■ What you should do
Using the records below, give again exactly the lines from the line that contains "So let's begin" through the line that contains "Here he is with", both ends included, and only those.

■ Input material
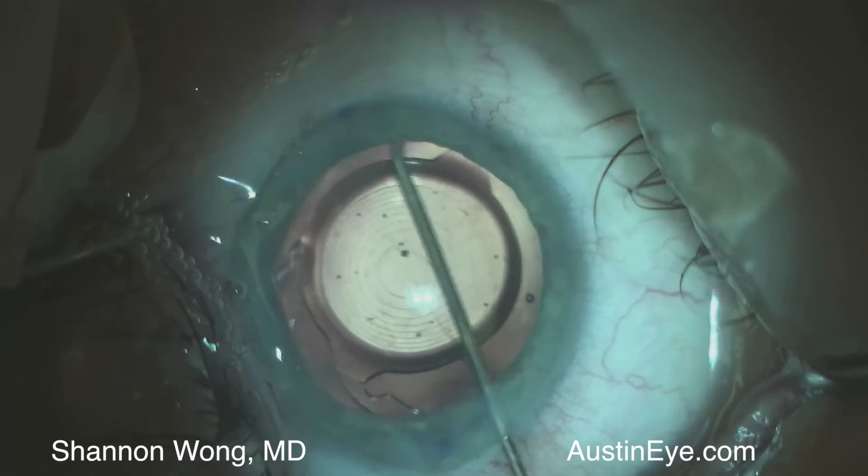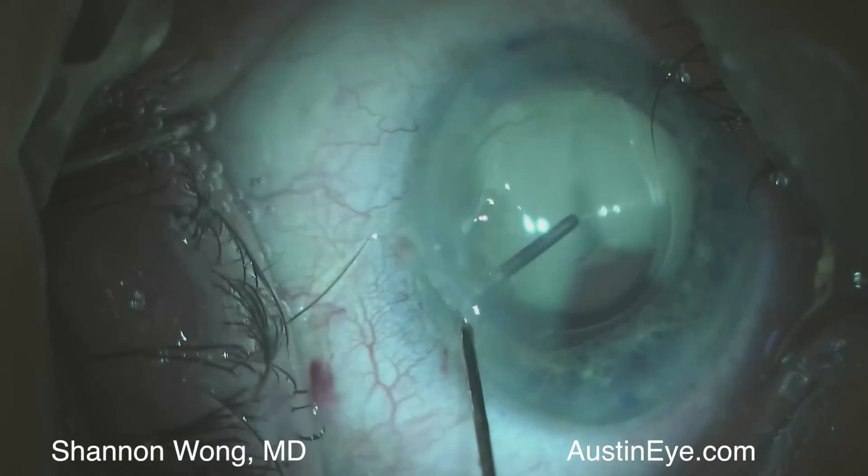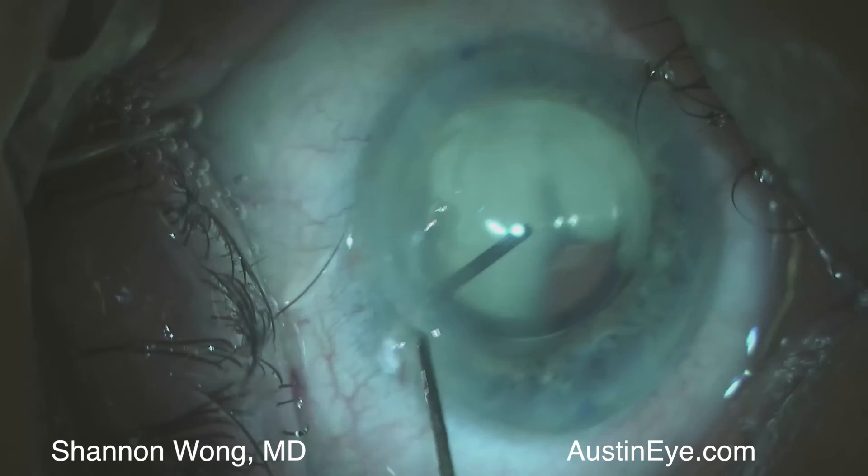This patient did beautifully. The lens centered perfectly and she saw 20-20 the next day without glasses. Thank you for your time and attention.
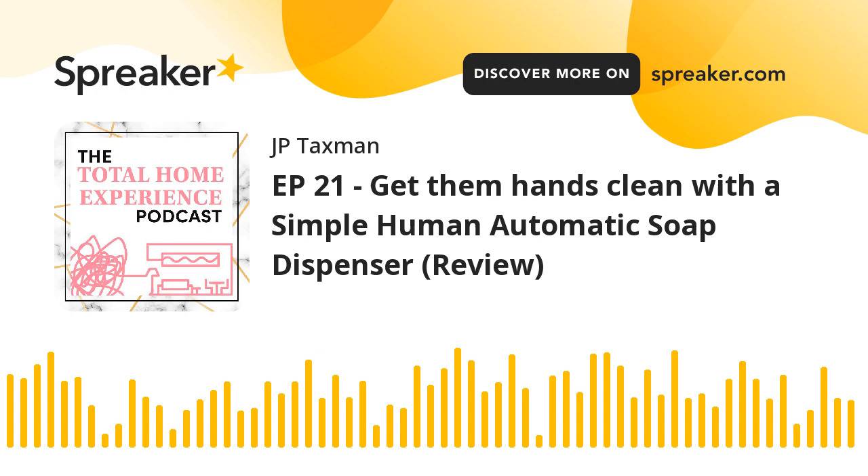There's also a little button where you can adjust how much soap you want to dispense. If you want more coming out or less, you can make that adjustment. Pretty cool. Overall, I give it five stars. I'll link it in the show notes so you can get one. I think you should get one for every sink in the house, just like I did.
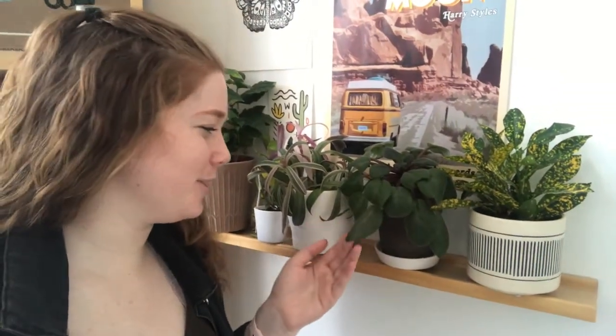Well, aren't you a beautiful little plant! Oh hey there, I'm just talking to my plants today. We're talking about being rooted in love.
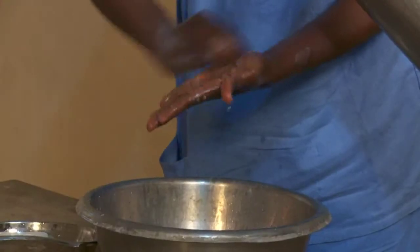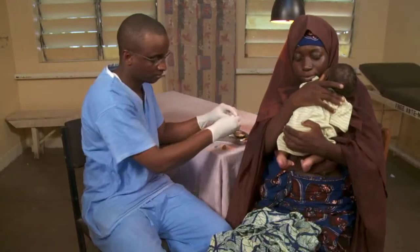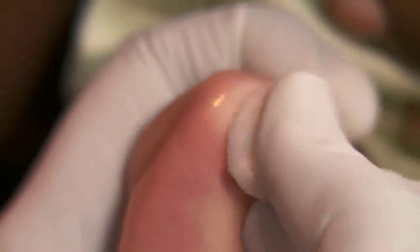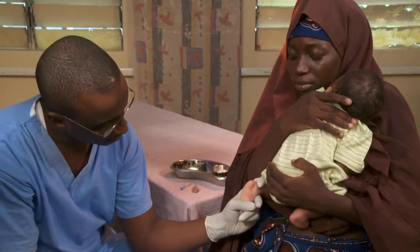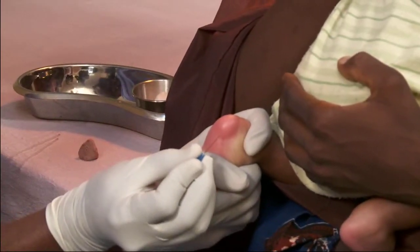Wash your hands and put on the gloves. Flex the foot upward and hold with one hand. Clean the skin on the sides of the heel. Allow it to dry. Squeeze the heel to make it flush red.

* * *

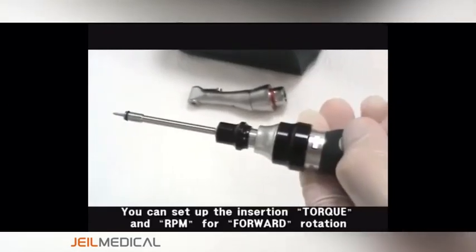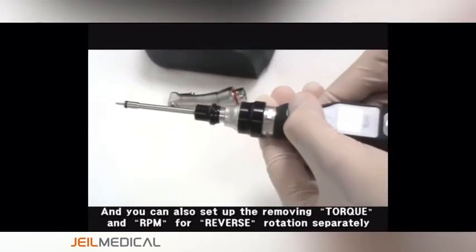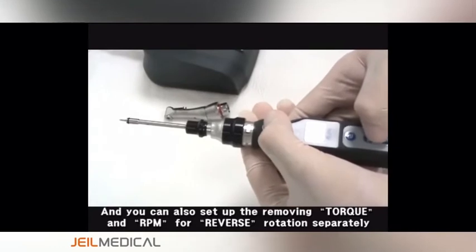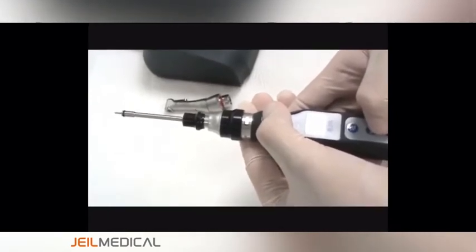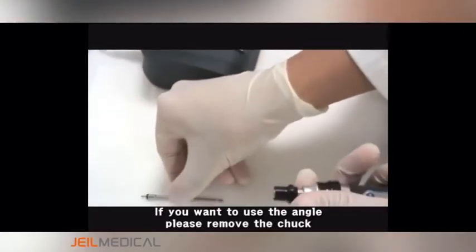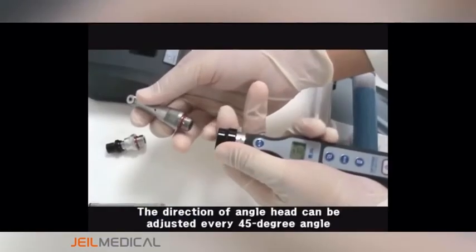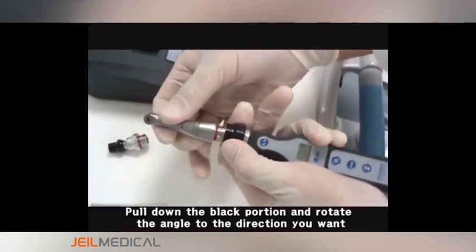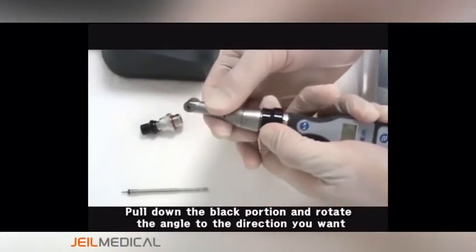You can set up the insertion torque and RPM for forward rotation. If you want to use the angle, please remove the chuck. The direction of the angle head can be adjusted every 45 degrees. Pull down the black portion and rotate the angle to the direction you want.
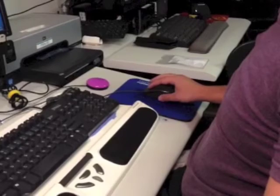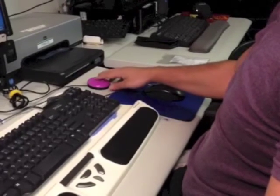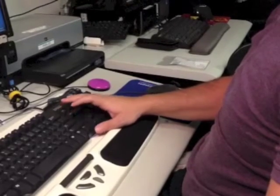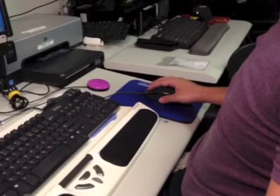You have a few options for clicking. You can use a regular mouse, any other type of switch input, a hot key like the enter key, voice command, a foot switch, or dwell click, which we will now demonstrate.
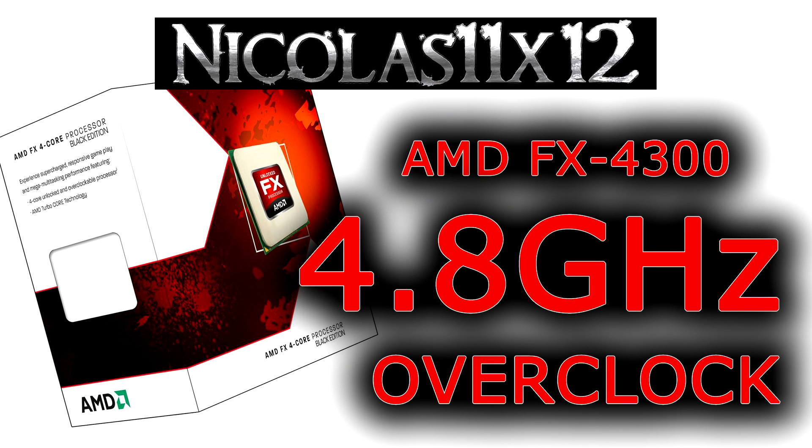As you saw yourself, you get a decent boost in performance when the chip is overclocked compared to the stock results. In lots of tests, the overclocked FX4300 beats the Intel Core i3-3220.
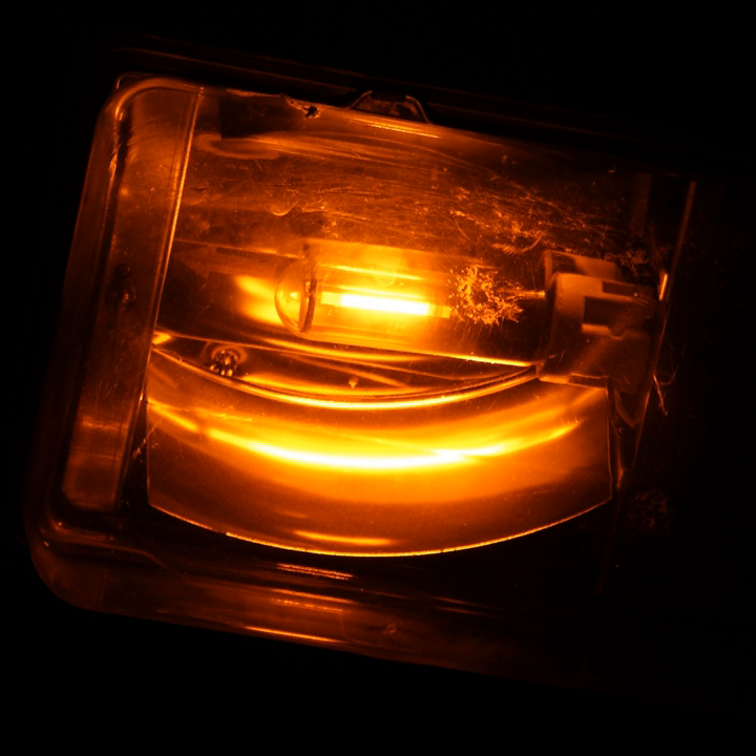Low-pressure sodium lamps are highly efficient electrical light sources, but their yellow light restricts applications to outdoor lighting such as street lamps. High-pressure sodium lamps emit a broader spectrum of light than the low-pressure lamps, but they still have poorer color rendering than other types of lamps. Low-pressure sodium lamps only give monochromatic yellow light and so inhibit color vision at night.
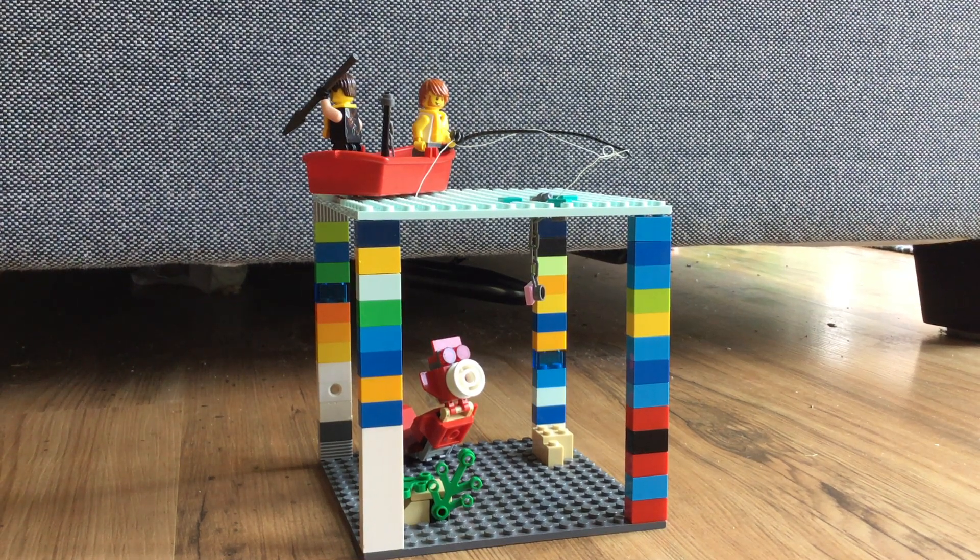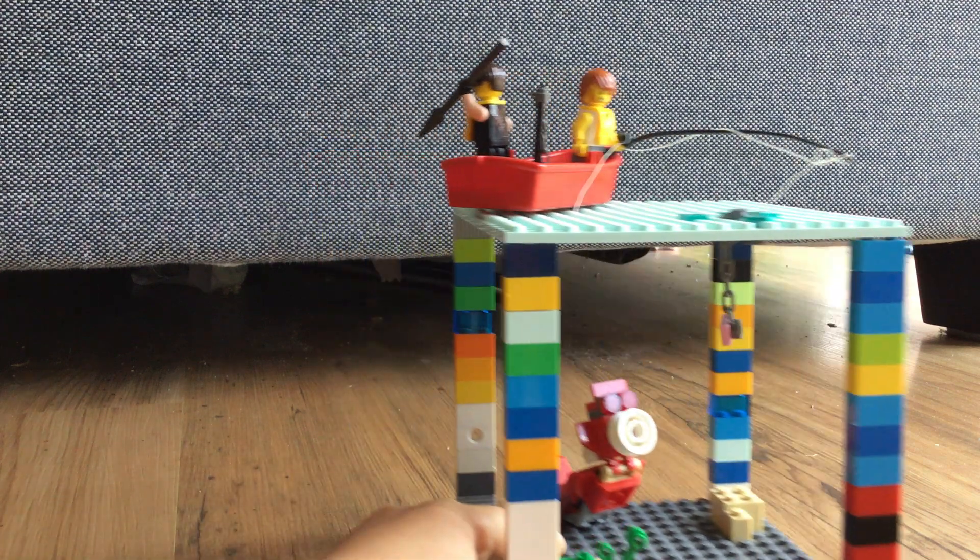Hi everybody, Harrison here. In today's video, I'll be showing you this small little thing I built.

...

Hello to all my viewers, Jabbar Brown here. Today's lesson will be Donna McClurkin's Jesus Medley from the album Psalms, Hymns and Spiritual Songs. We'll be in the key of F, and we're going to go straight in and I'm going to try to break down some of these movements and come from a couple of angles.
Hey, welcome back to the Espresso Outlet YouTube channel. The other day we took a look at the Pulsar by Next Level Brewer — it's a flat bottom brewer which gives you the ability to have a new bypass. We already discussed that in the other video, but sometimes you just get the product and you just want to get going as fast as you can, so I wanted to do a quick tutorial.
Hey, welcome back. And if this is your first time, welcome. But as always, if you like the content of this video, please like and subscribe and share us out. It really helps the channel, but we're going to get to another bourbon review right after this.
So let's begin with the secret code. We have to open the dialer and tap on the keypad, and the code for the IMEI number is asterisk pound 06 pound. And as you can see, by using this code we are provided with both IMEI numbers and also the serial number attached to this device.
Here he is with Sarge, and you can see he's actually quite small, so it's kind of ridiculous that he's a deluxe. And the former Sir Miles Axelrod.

■ Expected output
So let's begin with the secret code. We have to open the dialer and tap on the keypad, and the code for the IMEI number is asterisk pound 06 pound. And as you can see, by using this code we are provided with both IMEI numbers and also the serial number attached to this device.
Here he is with Sarge, and you can see he's actually quite small, so it's kind of ridiculous that he's a deluxe. And the former Sir Miles Axelrod.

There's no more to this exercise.